# INSTRUCTIONS FOR THE TASK:
Type out the complete listing below word for word, without its pictures.
┌─ RECORDS SUPPLIED
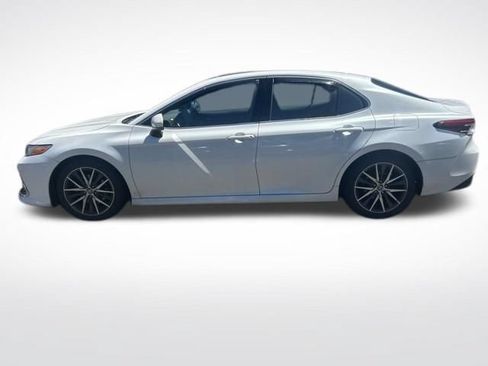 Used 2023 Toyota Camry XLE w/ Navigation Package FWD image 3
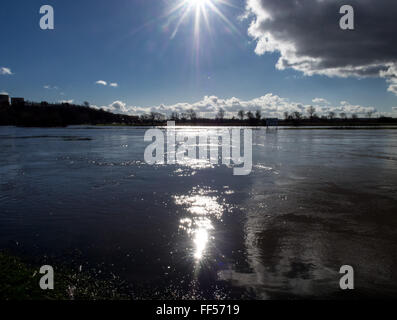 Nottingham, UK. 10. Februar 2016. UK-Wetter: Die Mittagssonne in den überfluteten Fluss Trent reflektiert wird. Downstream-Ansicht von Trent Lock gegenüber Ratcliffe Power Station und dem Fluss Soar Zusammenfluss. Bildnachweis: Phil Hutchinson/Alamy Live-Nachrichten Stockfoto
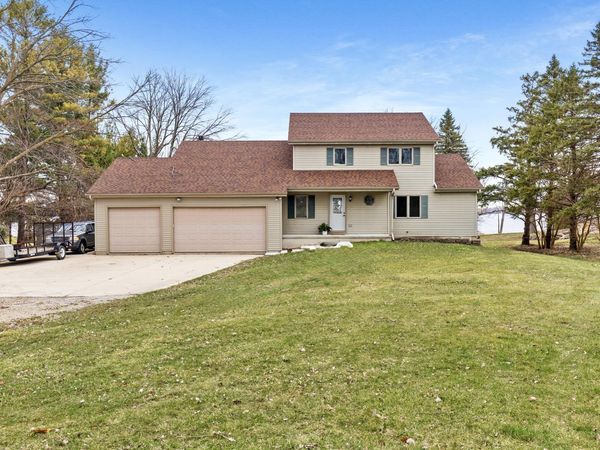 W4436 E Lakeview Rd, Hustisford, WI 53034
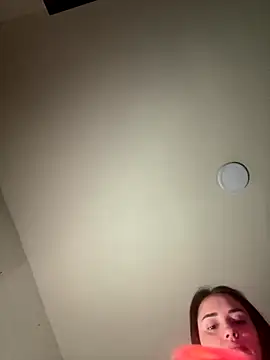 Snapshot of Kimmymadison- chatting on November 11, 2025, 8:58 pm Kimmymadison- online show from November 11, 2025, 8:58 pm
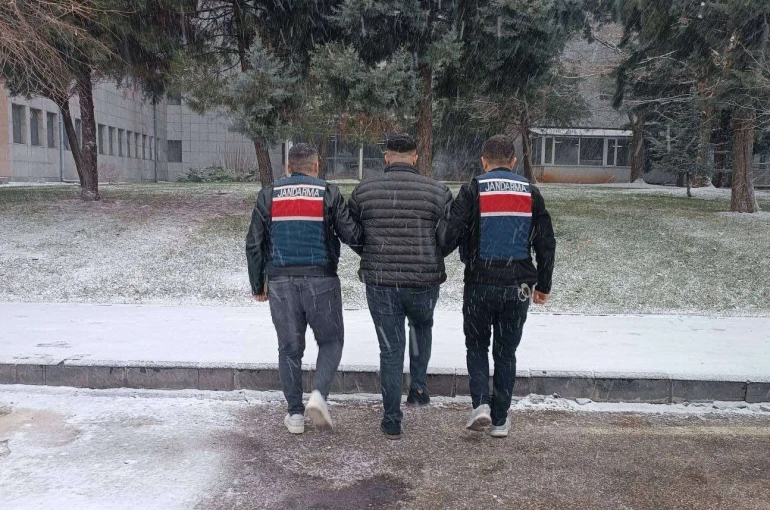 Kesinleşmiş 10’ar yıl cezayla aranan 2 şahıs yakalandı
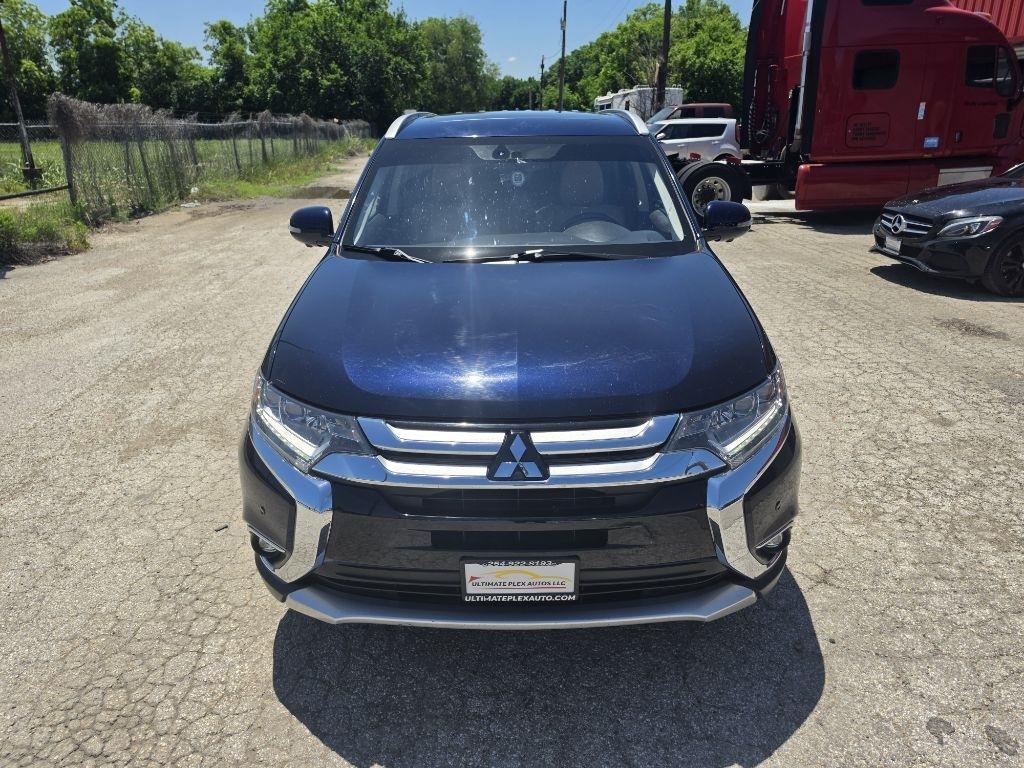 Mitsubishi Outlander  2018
└─
# EXPECTED OUTPUT:
 Used 2023 Toyota Camry XLE w/ Navigation Package FWD image 3
 Nottingham, UK. 10. Februar 2016. UK-Wetter: Die Mittagssonne in den überfluteten Fluss Trent reflektiert wird. Downstream-Ansicht von Trent Lock gegenüber Ratcliffe Power Station und dem Fluss Soar Zusammenfluss. Bildnachweis: Phil Hutchinson/Alamy Live-Nachrichten Stockfoto
 W4436 E Lakeview Rd, Hustisford, WI 53034
 Snapshot of Kimmymadison- chatting on November 11, 2025, 8:58 pm Kimmymadison- online show from November 11, 2025, 8:58 pm
 Kesinleşmiş 10’ar yıl cezayla aranan 2 şahıs yakalandı
 Mitsubishi Outlander  2018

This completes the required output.